For me, this campaign is interesting to compare on several fronts. I have been meaning to read David Laitin's book about the 25 million Russians who live in the near abroad and make up one of the world’s largest diasporas. I wonder how Kazakh’s current perception of the Russian population in Kazakhstan is influenced by the original reason why much of this population came to Kazakhstan. I also wonder how Russians thing of the land they moved to in order to great the Soviet bread basket. Another interesting point of comparison would to compare the Soviet back to the land movement with other such movements such as the kibbutz movement in Israel as well as the back to land movement in the west of the United States. Any comments of these issues would be most appreciated.
July 22, 2004
Beggars and Pets/Попрошайки и домашнее животноеRussians are real animal lovers, and, as the interpreter Michael Berdy recently noted in the Moscow times, it is strange that Russians don't have a word for pets in their language (they have to use домашнее животное domashneye zhivotnoye which literally means house animal). Russian's care for animals can be seen in the love they give both to their own pets and mangy looking street dogs.
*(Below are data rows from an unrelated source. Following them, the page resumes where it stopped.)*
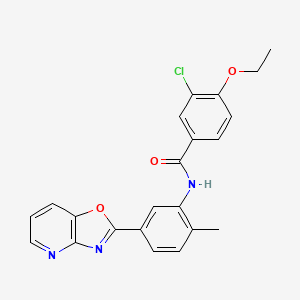 molecular formula C22H18ClN3O3 B6058425 3-chloro-4-ethoxy-N-(2-methyl-5-[1,3]oxazolo[4,5-b]pyridin-2-ylphenyl)benzamide 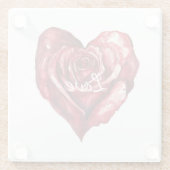 ロマンチックな赤い薔薇の花のハートのウェディング ガラスコースター (裏面)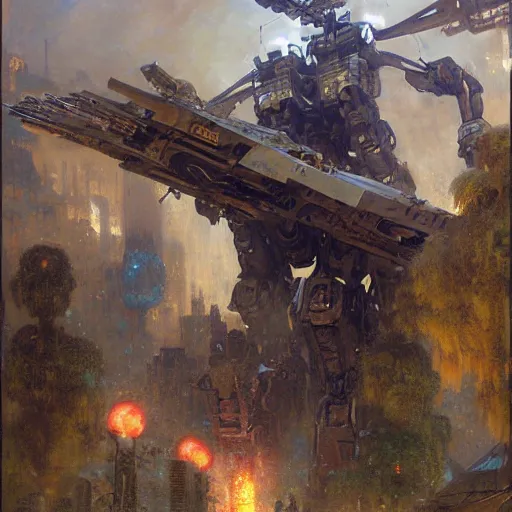 Image similar to six meters tall mech fighting in an urban environment, epic action scene, by gaston bussiere craig mullins jc leyendecker gustav klimt artgerm greg rutkowski john berkey, bergey, craig mullins, ruan jia, raymond swanland, jeremy mann, tom lovell, alex malveda, ray casting, hdr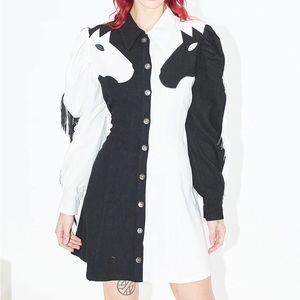DUELING HORSES LINEN MINI DRESS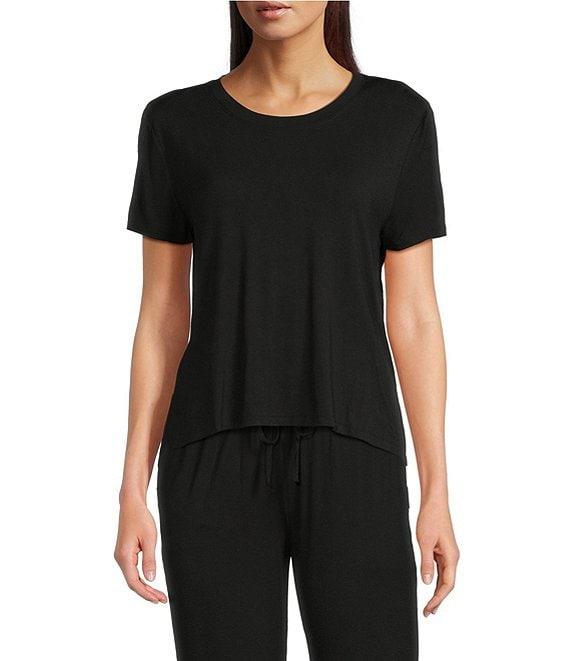 Half Moon by Modern Movement Jersey Knit Short Sleeve Round Neck Coordinating High-Low Hem Lounge Top Product Image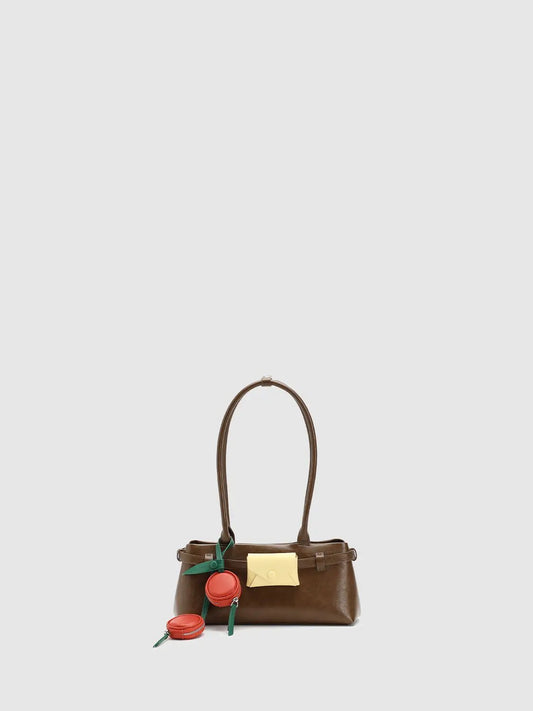 Vintage Fruit Charm Decor Faux Leather Long Shoulder Handbag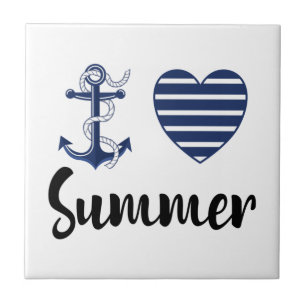 Azulejo Amo el Verano, Ancla y Corazón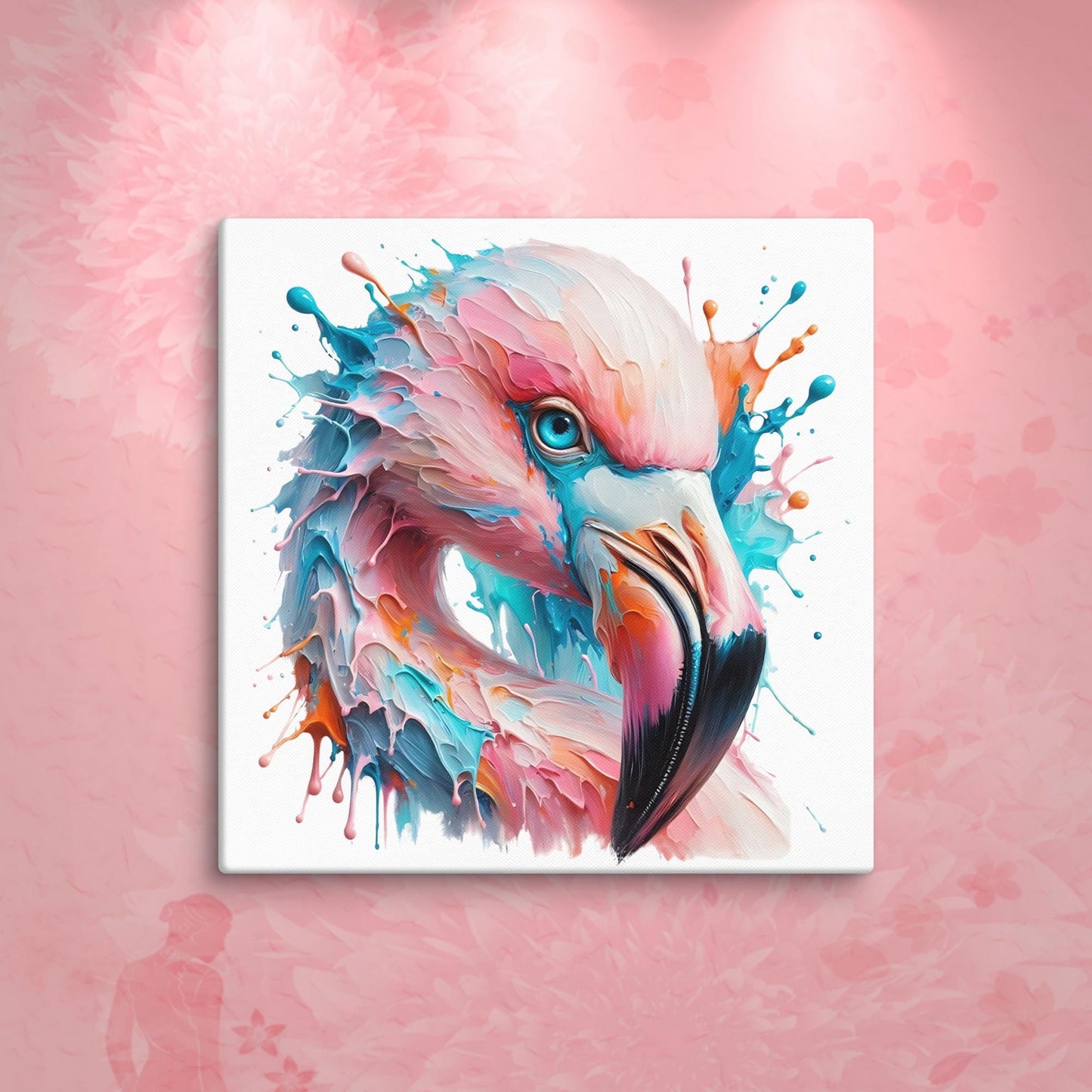 Flamingo Splash colorful canvas wall art print of an oil / acrylic painting Animal Splash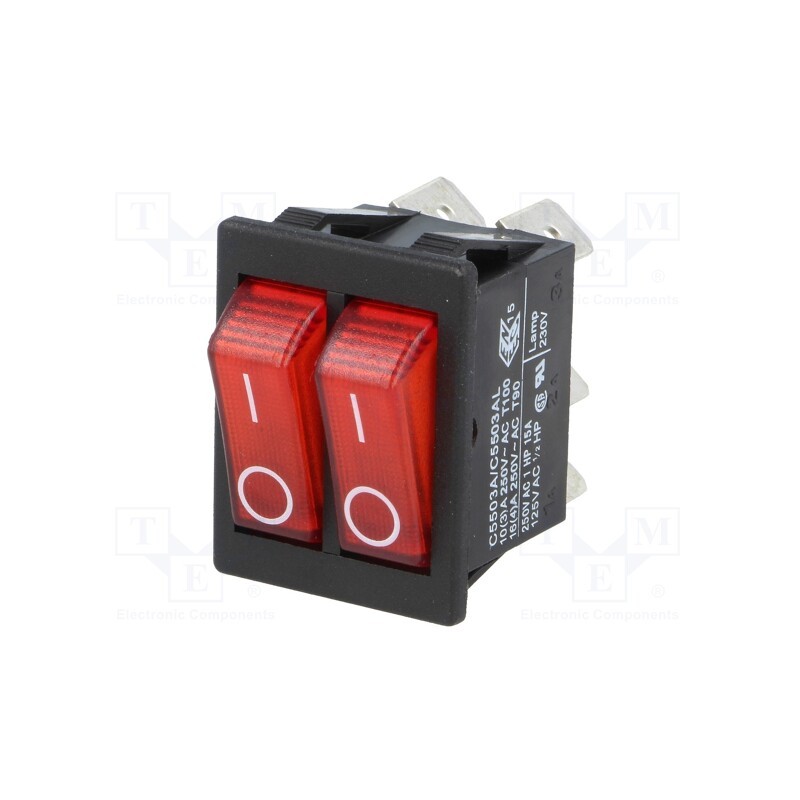1 pcs x BULGIN - C5503TALNAC - ROCKER, SPST, Pos: 2, ON-OFF, 16A/250VAC, red, neon lamp, 250V, 5500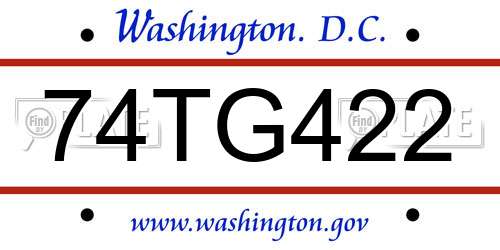 74TG422 District Of Columbia License Plate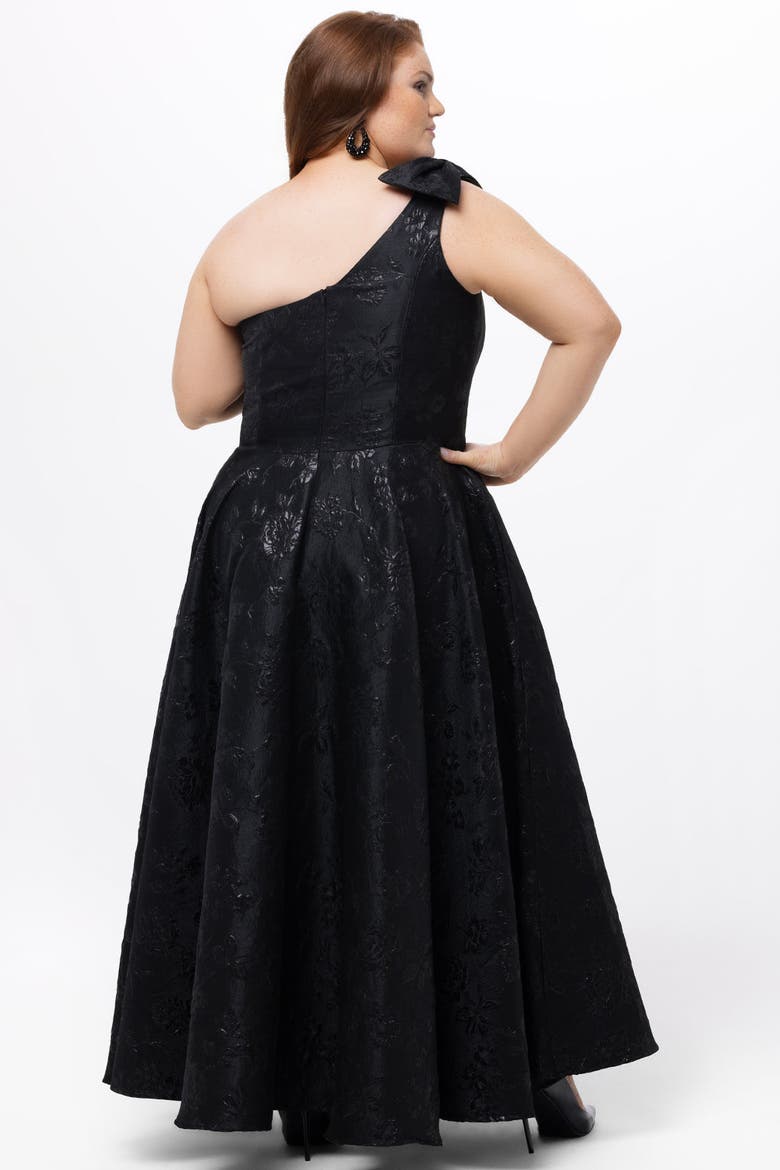 One Shoulder Brocade Plus Size Formal Dress with Bow, Alternate, color, Black/Black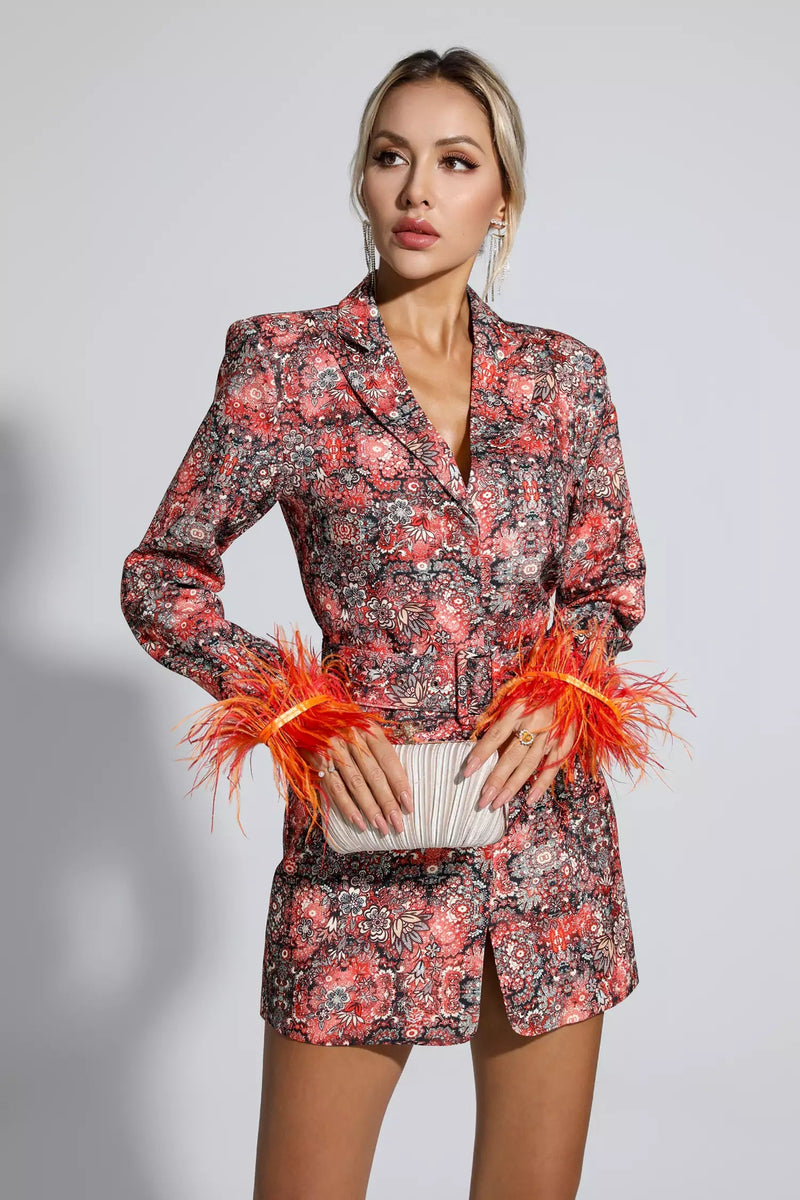 Citrine Long Sleeve Floral Blazer Dress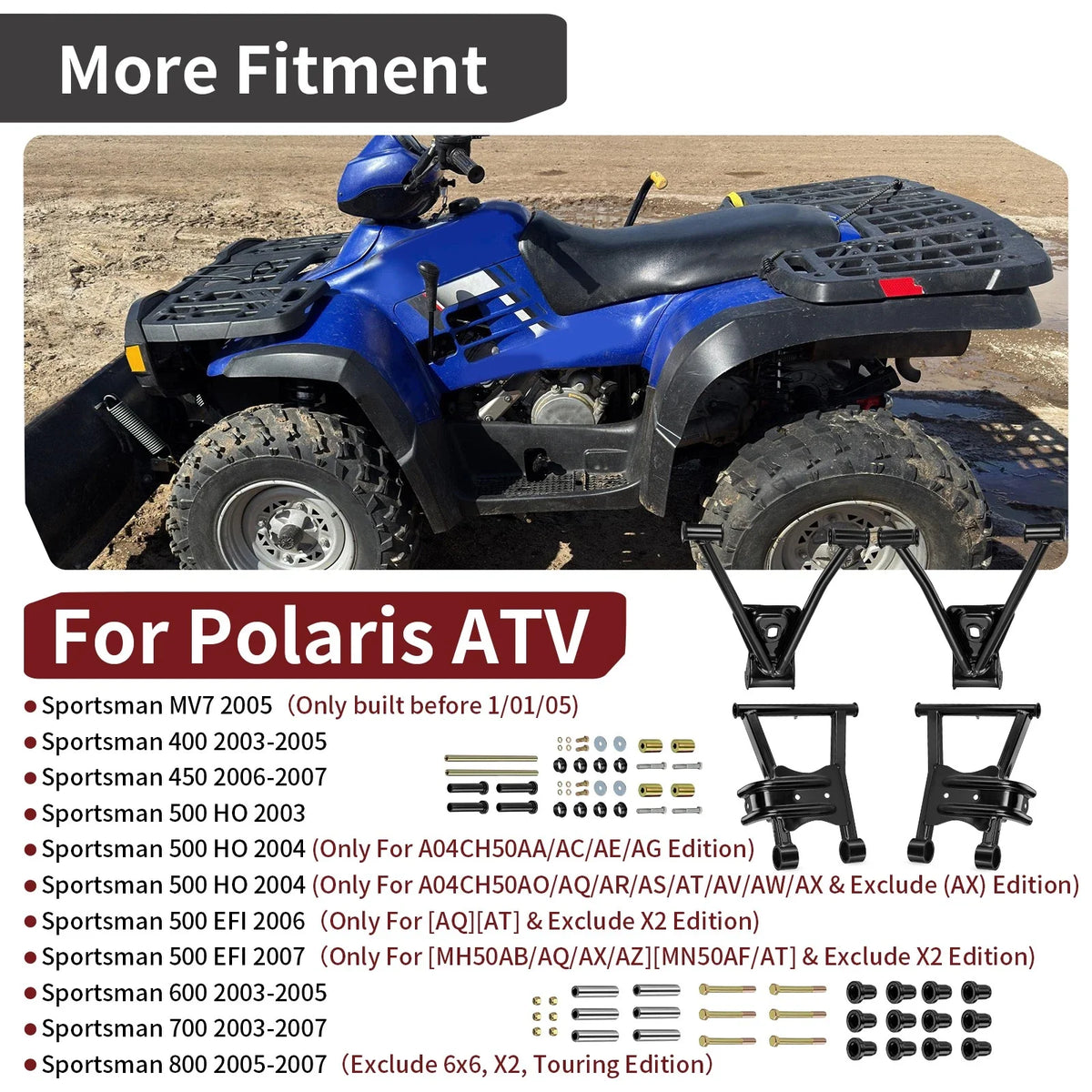 Rear A-Arm Kit for 2003-2007 Polaris Sportsman 500 HO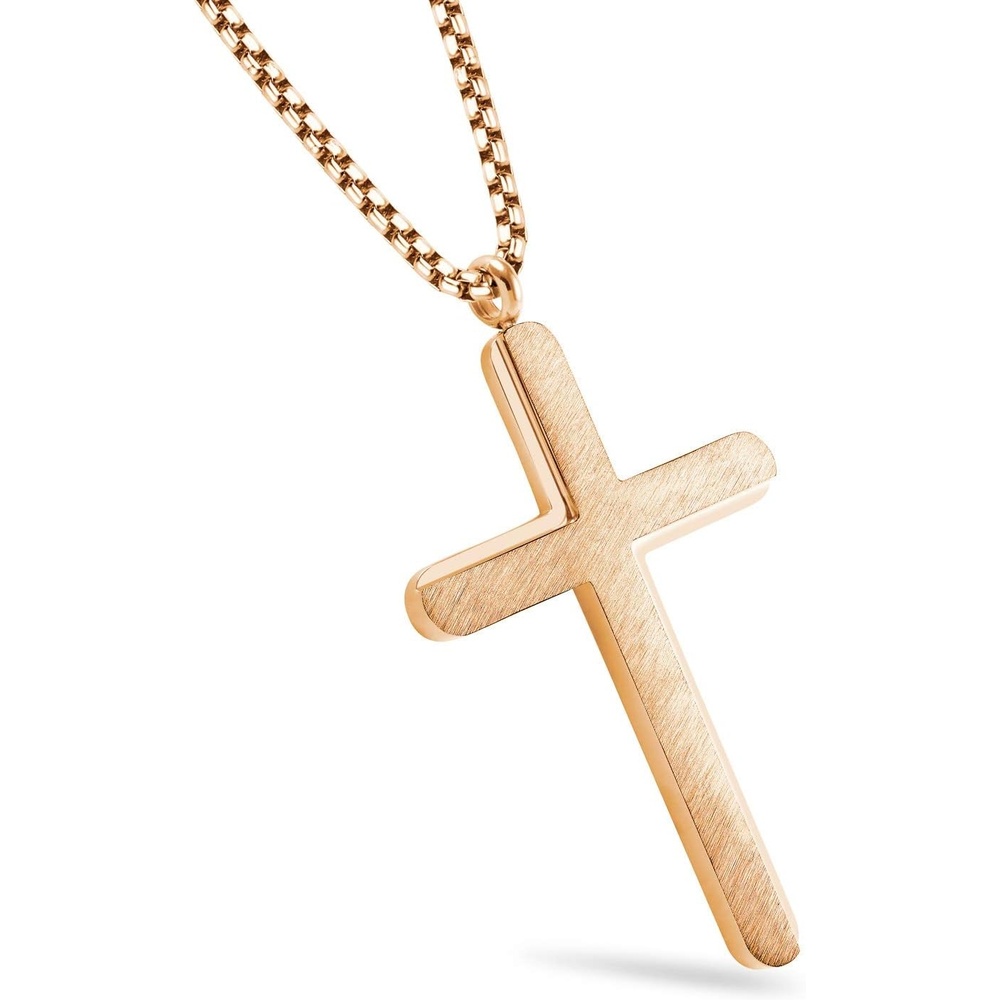 image:image555Jewelry Cross Necklace for Men Women Brushed Stainless Steel Pendant 1824 ChainRose Gold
I see my neighbors stoop to both feed and pet the poor mongrels who congregate outside my metro stop. I wouldn't go near these animals, let alone touch them, but Russians are obviously very fond of these dogs. Recently, though, I have begun to wonder whether Russians have more sympathy for homeless animals than they do about dogs.
Throughouh the Moscow, like throughout U.S. cities homeless people are seen with animals in tow. The signs that these people in Moscow show, however, are different. With almost no exception, the homeless people's signs in Moscow say "Please help my to feed my dog" or "Help my feed my kittens or buy them." This, I think, is different to in the U.S. where dogs might arouse sympathy, but people's sign don't specifically mention the dog and not mention the person begging.
Homeless people are not stupid, and they must have realized where people's sympathies lie. Clearly if they say "homeless and hungry," they won't get money, whereas if they say "my dog is hungry people," will flip some change their way. Perhaps this has to do with Muscovites skepticism about homeless people. My students always say they are in gangs or they are really rich. Dogs, on the other hand can't have some of our more vile human impulses.